Türkiye gazetesi yazarı Fuat Uğur, yeni ekonomi yönetimi ile Adalet Bakanlığı tarafından hazırlanan reform paketi taslağındaki üç maddeye sert eleştiriler yöneltti. Hürriyet gazetesinden Nuray Babacan, Ocak ayı sonunda Cumhurbaşkanı Erdoğan’a sunulacağını belirttiği paketin detaylarını yazmıştı.

Uğur, “Terör veya kara paranın aklanması gibi suçlar kapsamında şirketin tüm yönetimine değil, sadece ilgili şahısların hisselerine kayyum atanması” yönündeki değişiklik hazırlığını eleştirerek, “Şirketin PKK ile organik bağlantısı olduğu düşünülen ortaklarının hisselerine kayyum atanacak ama diğerlerinin hissesi olduğu gibi kalacak. Bu durumda PKK ile organik değilse bile objektif olarak gönül ilişkisi içinde bulunan diğer ortaklar ne yaparlar sizce? Bu tür şirketlerde PKK’ya yakın olmayanlar yer alabilir mi? Şimdi PKK’nın yerine FETÖ’yü koyun. Ne olacağını söyleyeyim. Söz gelimi Boydak Holding kayyumu düşer” dedi.

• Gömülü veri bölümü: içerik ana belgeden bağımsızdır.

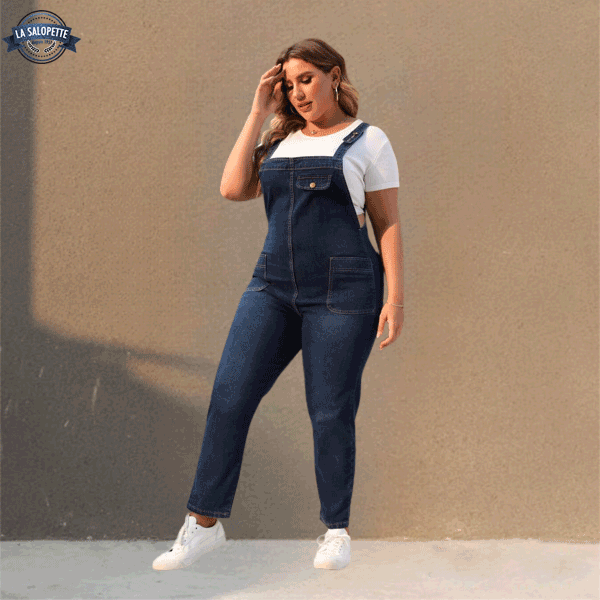 Overalls Ivory Pregnancy
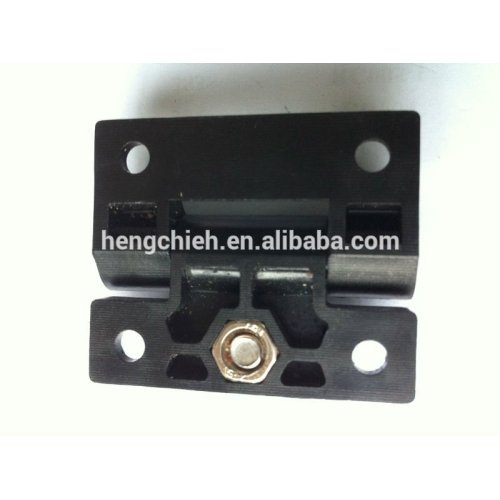 Black Nylon Damper Hinges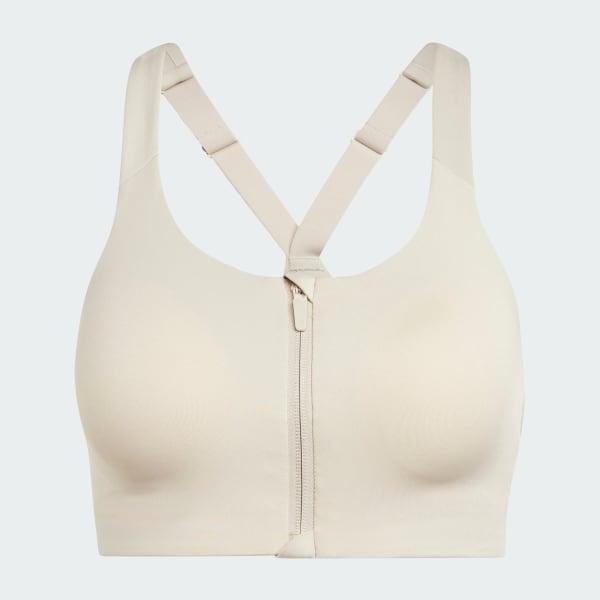 TLRD Impact Luxe High Support Zip Bra Product Image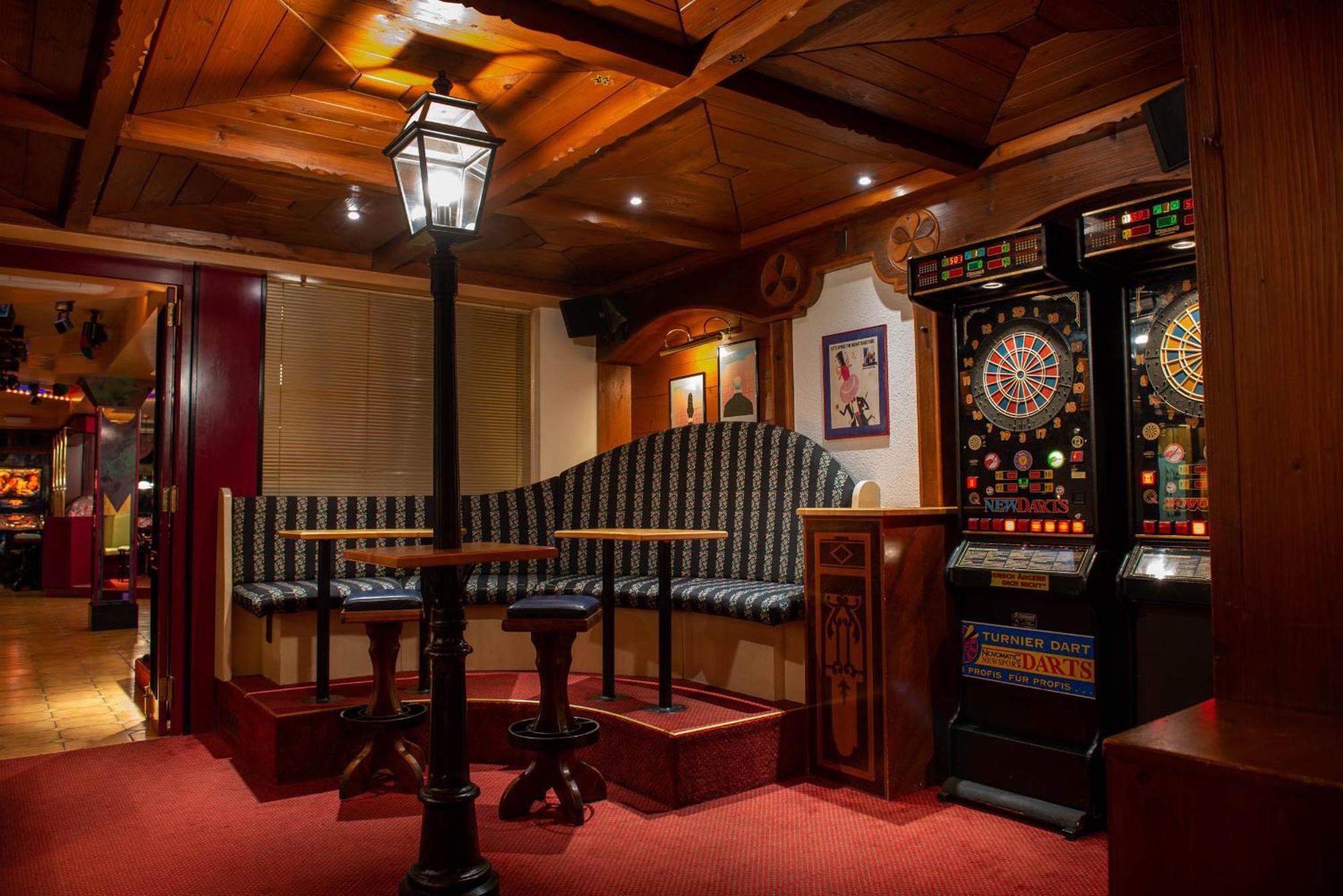 Hotel Brunella 판단츠 외부 사진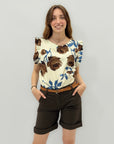 Pantaloncini in cotone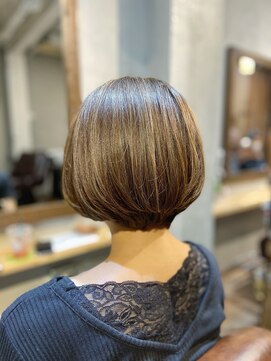 ウラロージュ(uraloge) ☆ハイライト×ボブ☆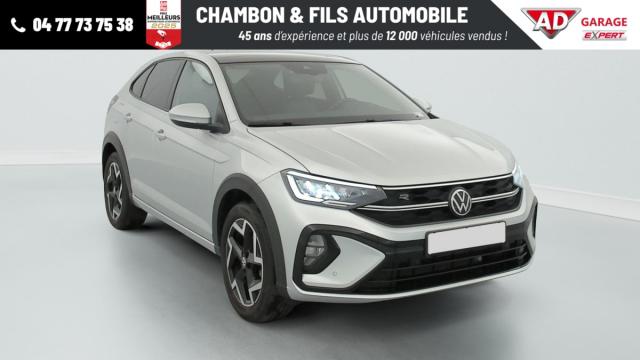 Volkswagen Taigo 1.0 Tsi 116 Bvm6 R-Line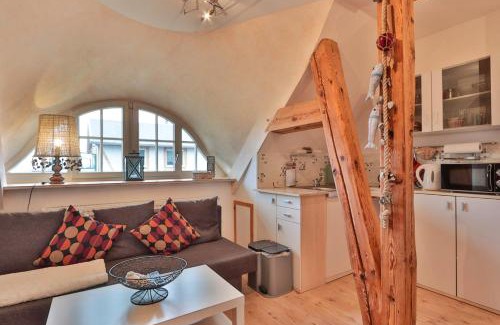Pepelow Apartment | Haffblick im Reetdachhaus am Haff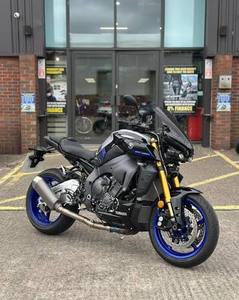 มอเตอร์ไซค์มือสอง ปี 2022 MT-10 1000 Hyper-naked Euro 5 998cc รถมอเตอร์ไซค์สตรีทใหม่ ราคาดีที่สุด ราคาถูก รับสั่งซื้อจำนวนมาก มีจำหน่าย - Product Image 2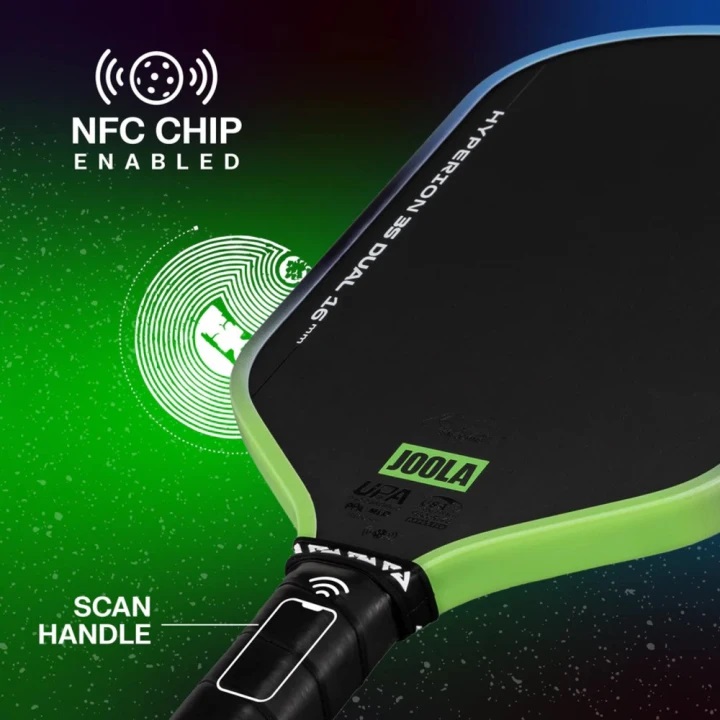 Vợt Pickleball Joola Hyperion 3S Dual 16mm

Uğur bunun sebebini şöyle açıkladı: “Reform Paketi’ndeki ezkaza uygulamaya girerse YALNIZCA 2016 yılında yürütülen FETÖ soruşturma çerçevesinde tutuklanan ve 10-18 yıl arasında hapse mahkûm edilen Hacı Boydak Memduh Boydak, Şükrü Boydak ile 7,5’ar yıl hapse mahkûm edilen Mustafa, Bekir, Erol ve İlyas Boydak ile Murat Bozdağ’ın TMSF’ye devredilen Boydak Holding’deki hisselerine el konulur. Şirketin diğer ortaklarına hisseleri iade edilir.”

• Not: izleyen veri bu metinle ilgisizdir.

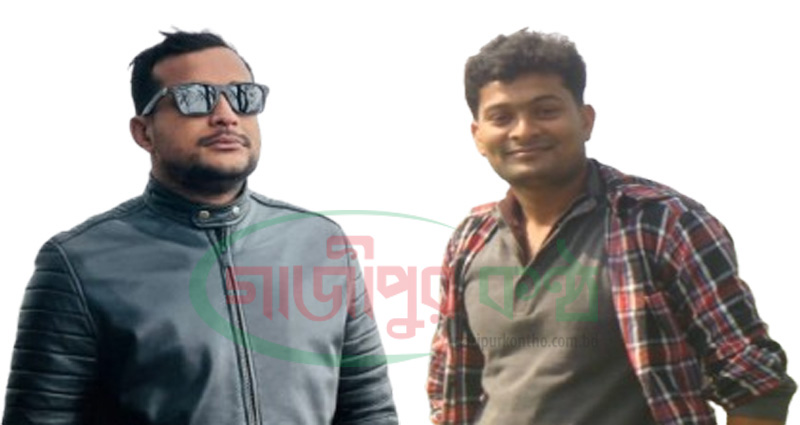 পূবাইলে ট্রেনের ধাক্কায় দুই মোটরসাইকেল আরোহীর মৃত্যু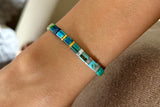Feather Glory Tila Bracelet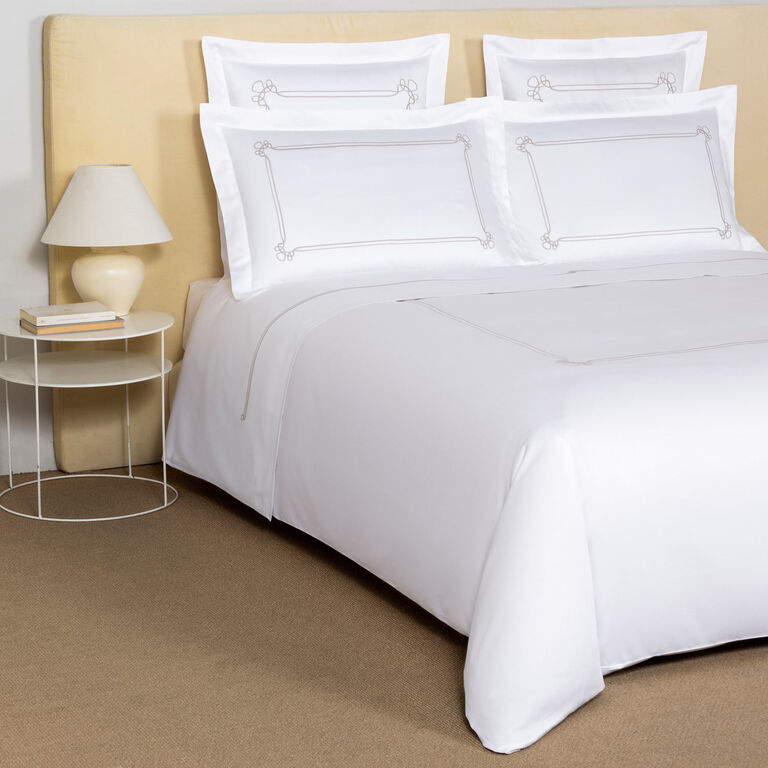 slide 4 Sirmione Embroidered Euro Sham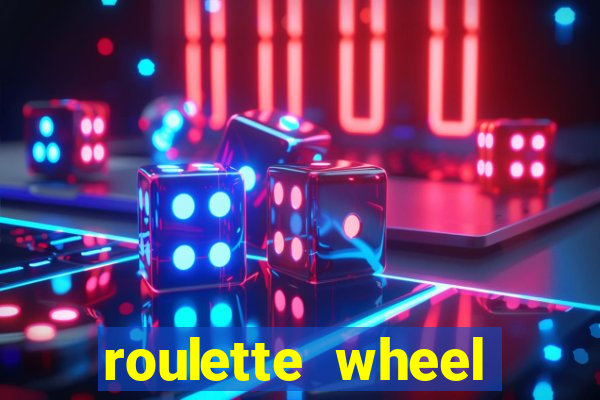 roulette wheel casino game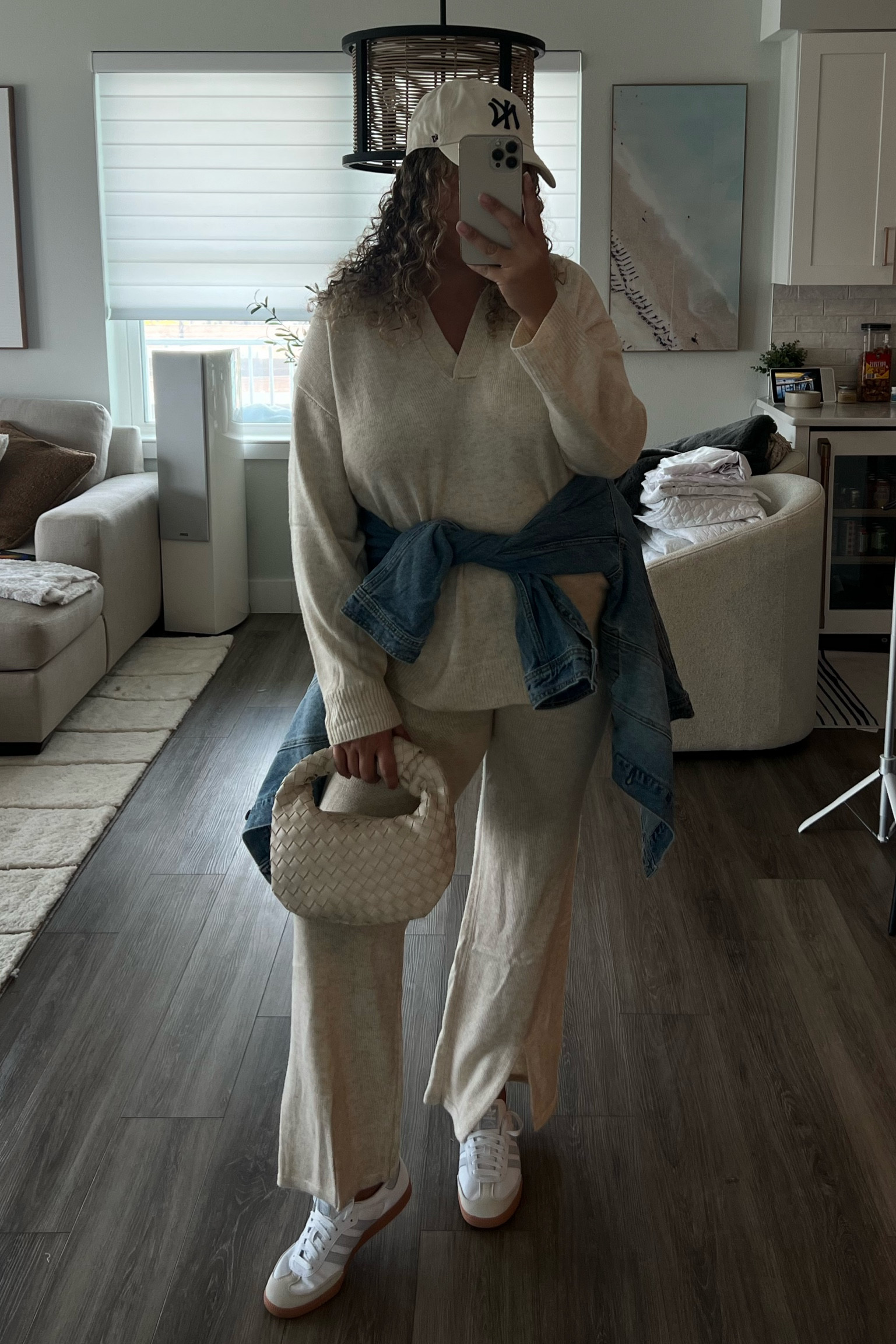 The perfect back to school outfit from vici . Matching lounge set and oversized jacket is the perfect fall outfit or travel outfit 

#LTKxVICI #LTKBacktoSchool #LTKTravel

Uğur, aynı durumun İpek Koza Holding’te de yaşanacağını savundu.

Uğur, reform paketindeki uzun tutukluluk sürelerini kısaltmayı amaçlayan maddeyi de eleştirdi. “Ceza yargılamaları ve tutukluluk sürelerinin yeniden değerlendirilmesi, Ceza Muhakemesi Kanunu’nda ceza yargılamalarında savcıların ‘iddianame’  hazırlaması için kesin bir süre belirlenmesi, tutukluluk sürelerinde de buna göre düzenlenme yapılması” şeklindeki madde için Uğur şunları söyledi:

“Görünüşe bakılırsa Gezi olayları sanığı Osman Kavala ve PKK’nın hapisteki siyasi kanat lideri Selahattin Demirtaş gibi Batı’da çok ilgilenilen isimlerin iddianamelerinin geç hazırlanması üzerine getirilen eleştiriler dikkate alınmış. Buradan da TÜSİAD kokusunu alıyorum ben. Tamam, ben de Kavala iddianamesinin uzun süre hazırlanamamış olmasını yazılarımda sık sık eleştirdim ve çıktığım televizyon programlarında söyledim. Ama bu durum pratikte aynı sonuçları doğurmuyor. Bu maddeye göre Selahattin Demirtaş tarafından kışkırtılan ve 37 vatandaşımızın öldürülmesine neden olan Kobani kalkışmasındaki çetrefilli durumun ya da 100 sanıklı herhangi bir FETÖ davası iddianamesinin hazırlanması öyle hop diye yapılacak iş değil.”